Fees for using credit cards will be abolished next year after the government said it would take action against what it termed “rip-off” charges.
Ministers said consumers had handed over nearly £475m in card-use charges since 2010, and it branded the practice was “unfair” – even though its own departments are amongst the worst offenders.
The airline industry is also well-known for imposing these charges. Low-cost carrier Flybe adds a 3% fee (a minimum of £5) for customers paying by credit card, and the likes of Ryanair add a fee, too, although other brands (such as Monarch) have already abolished the practice.
Food-delivery services and small businesses are others that often add card charges, as do home-improvement companies.

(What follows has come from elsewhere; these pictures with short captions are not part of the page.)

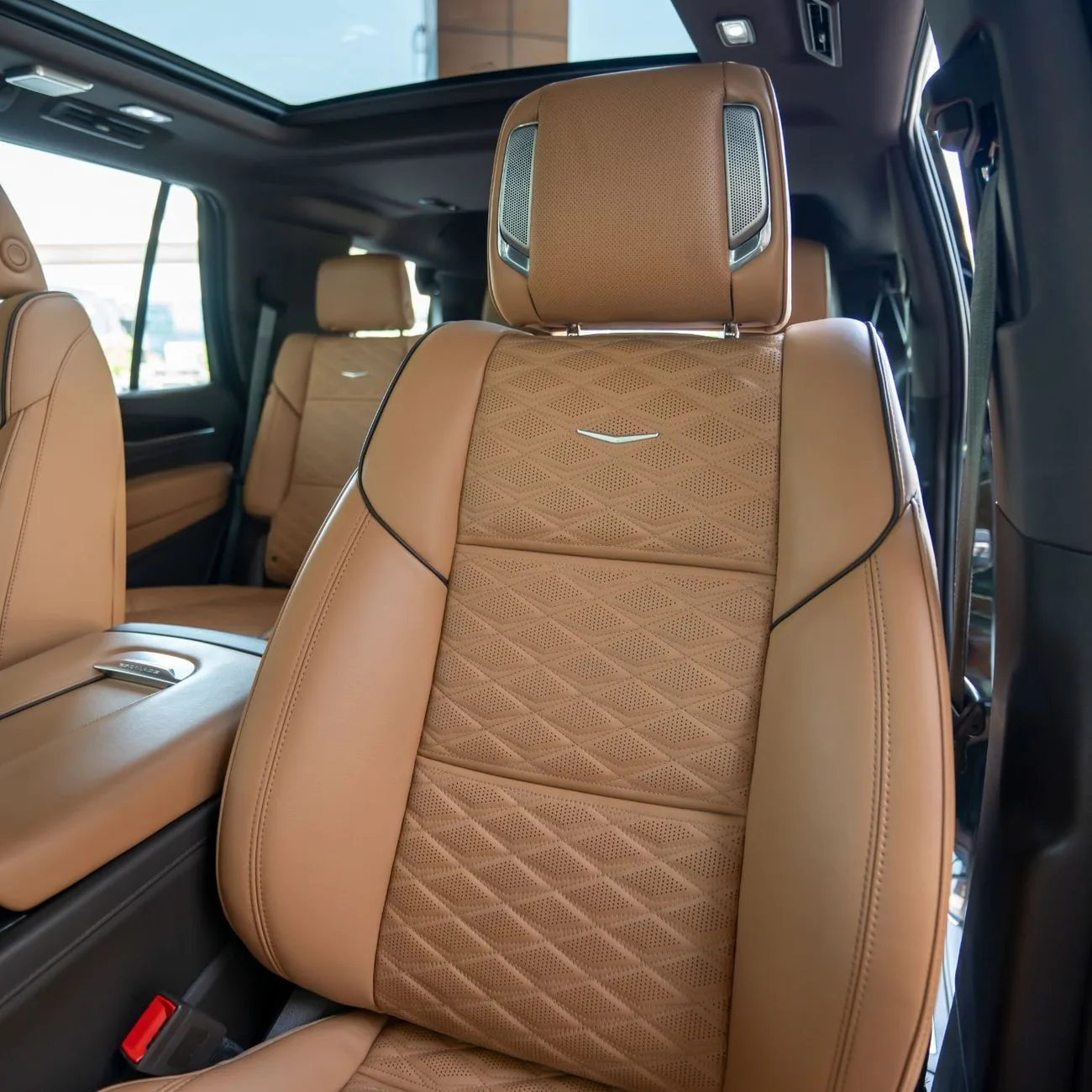 2022 Cadillac Escalade Sport Platinum offered by a specialist dealer in Dubai, United Arab Emirates, photo 19 of 19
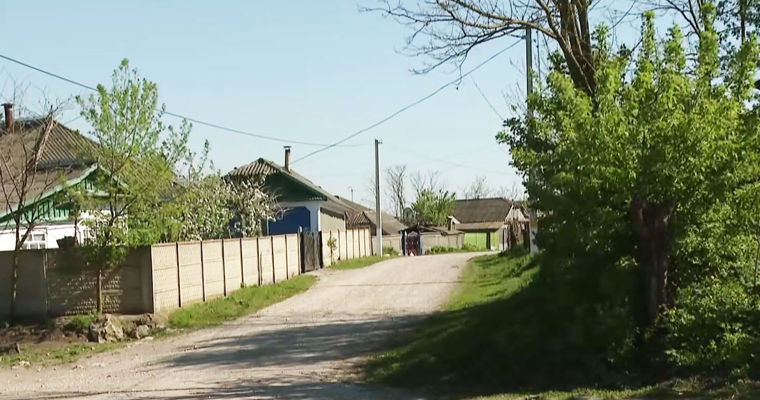 Сёла в Единецком районе вымирают: один житель на село и пустые улицы.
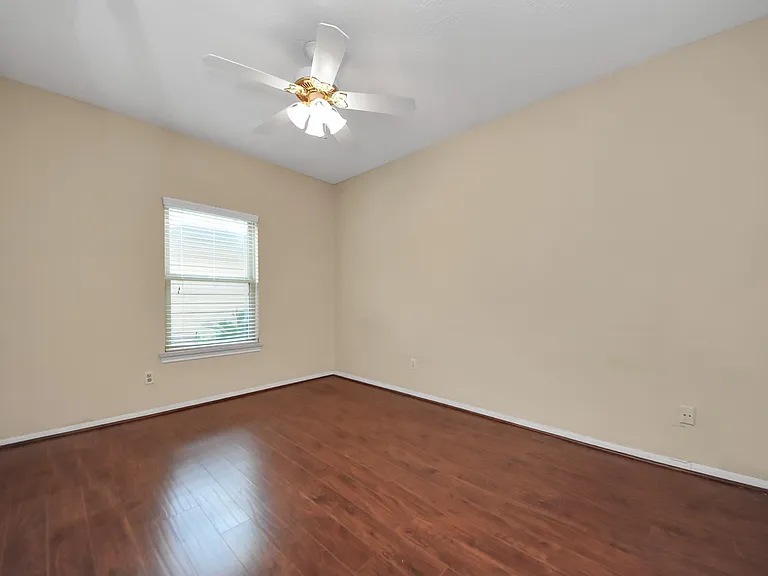1022 Memorial Village Dr — Photo 13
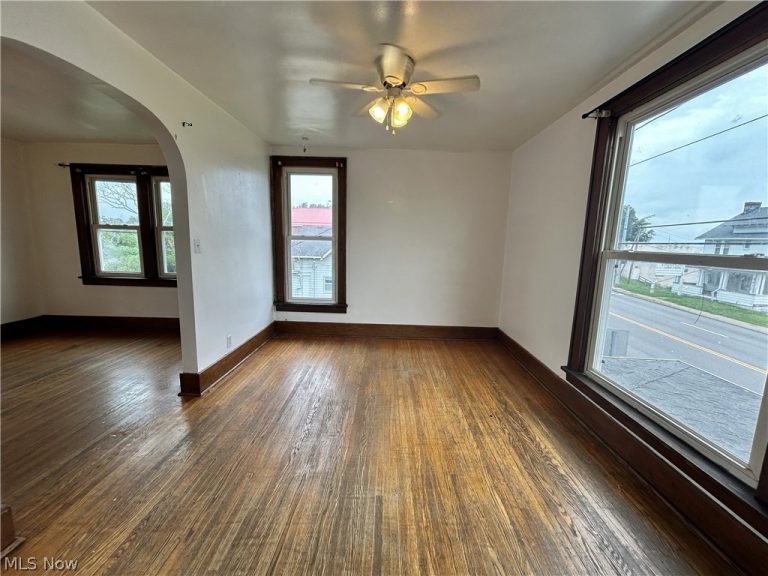 2520 Sunset Boulevard, Steubenville, OH - Photo 2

The government said that although some industries had acted to absorb the cost instead of passing it on to consumers, the new rules will bring an end to the practice entirely.
Economic secretary to the Treasury Stephen Barclay said: “Rip-off charges have no place in a modern Britain and that’s why card-charging in Britain is about to come to an end.

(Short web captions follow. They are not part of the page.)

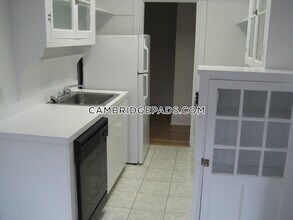 22 Chauncy St, Unit 21 in Cambridge, MA - Building Photo - Building Photo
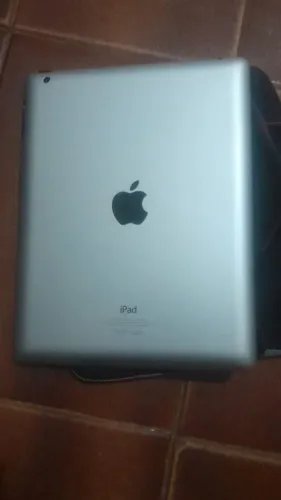 Vende se IPAD de 4? geração 31 gigas sem detalhes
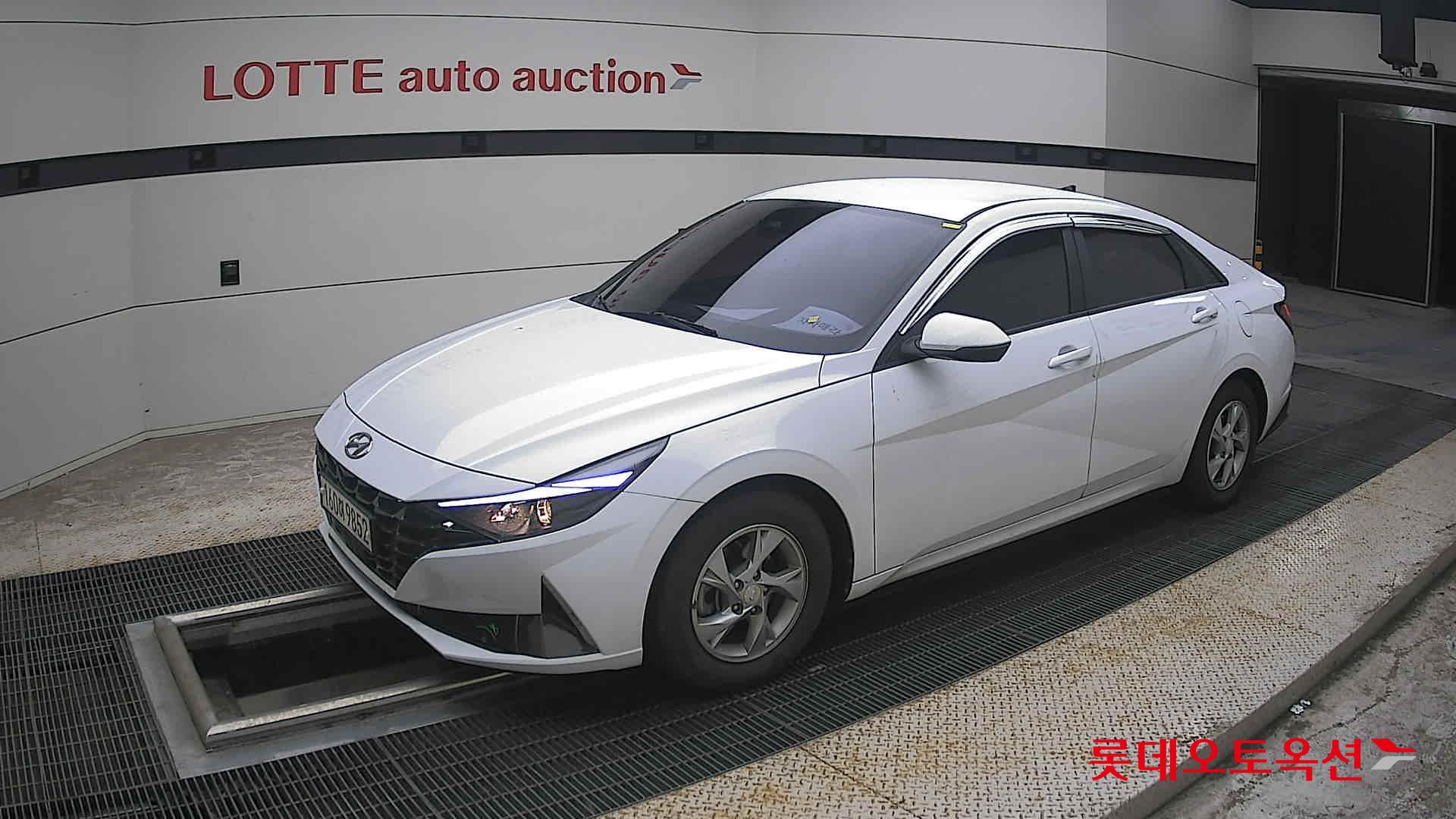 2021 - hyundai avante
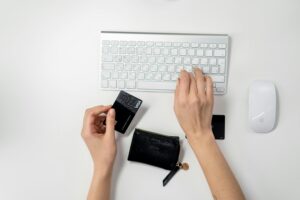 Zagrożenia podczas zakupów online – jak chronić dane i pieniądze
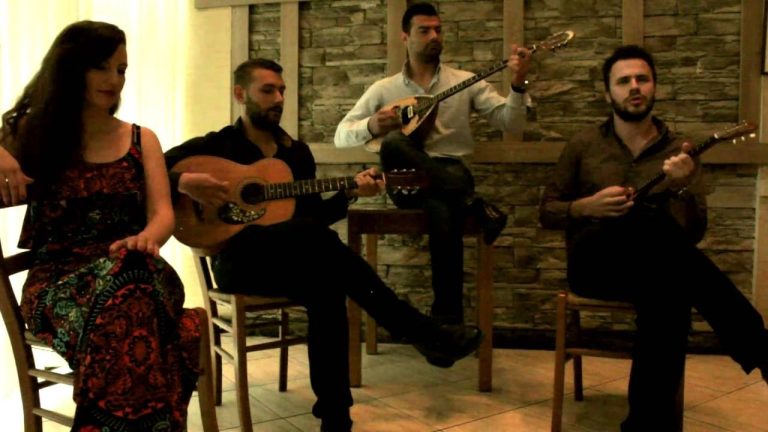 «Ανφάν Γκατέ» του Ρεμπέτικου, Στο ΞΕΦΩΤΟ Μαζί και ο Φώτης Θεοδωρίδης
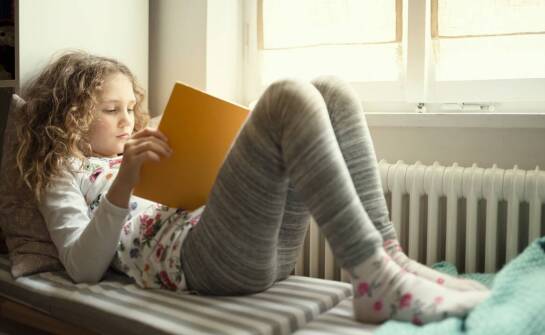 Jak mini biblioteka w żłobku wspiera rozwój czytelniczy maluchów?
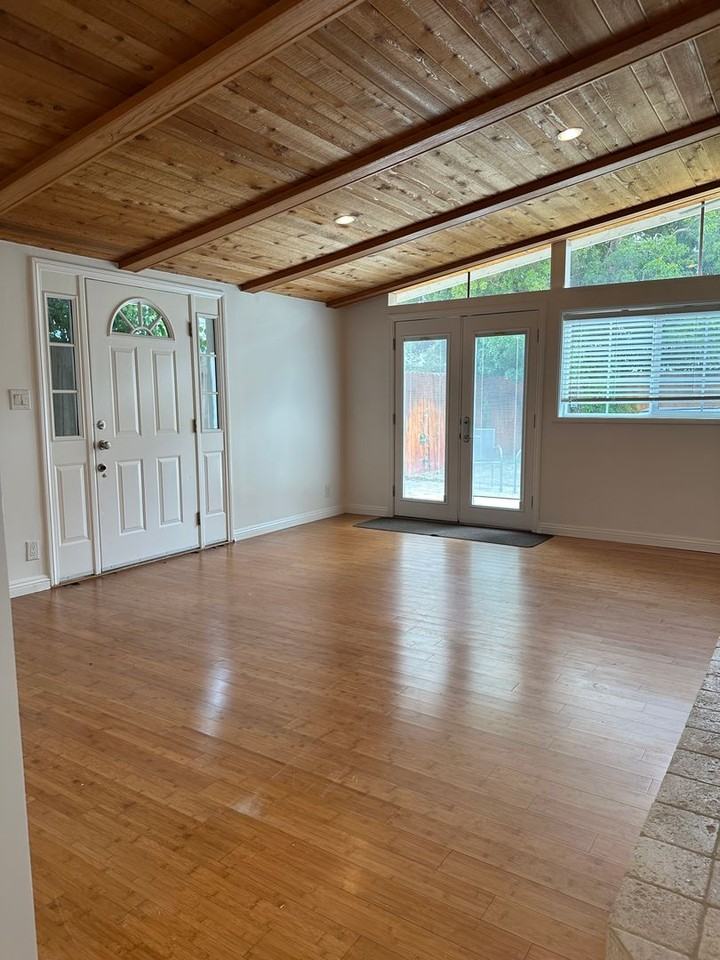 1154 Brunswick Ln - Photo 2 of 16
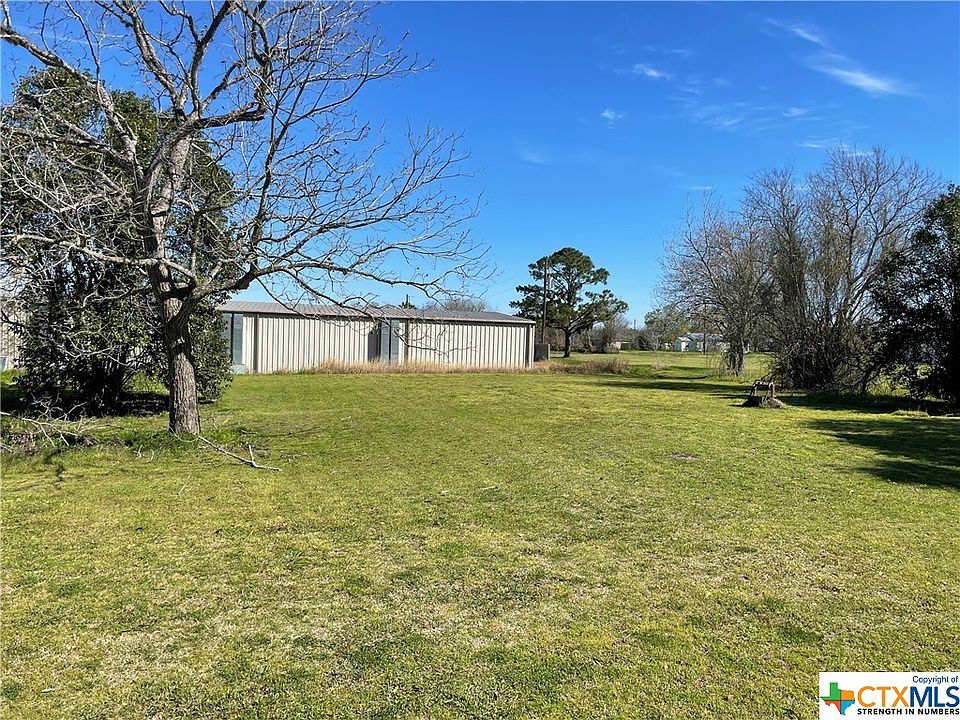 E 11th St, Flatonia, TX 78941 MLS 467583 Zillow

“This is about fairness and transparency, and so from next year there will be no more nasty surprises for people at the check-out just for using a card.
“These small charges can really add up and this change will mean shoppers across the country have that bit of extra cash to spend on the things that matter to them.”
The move follows an EU directive that bans fees levied on Mastercard and Visa purchases. But the UK government has built on that and will also prohibit charges being imposed for using American Express and Paypal.
There may be some eyebrows raised at Mr Barclay’s use of the phrase “rip-off” charges – some of the biggest offenders are government departments, such as the DVLA, and ministers could have acted years ago to stop their surcharges.
The new rules will apply to these departments and local councils as well as to private companies.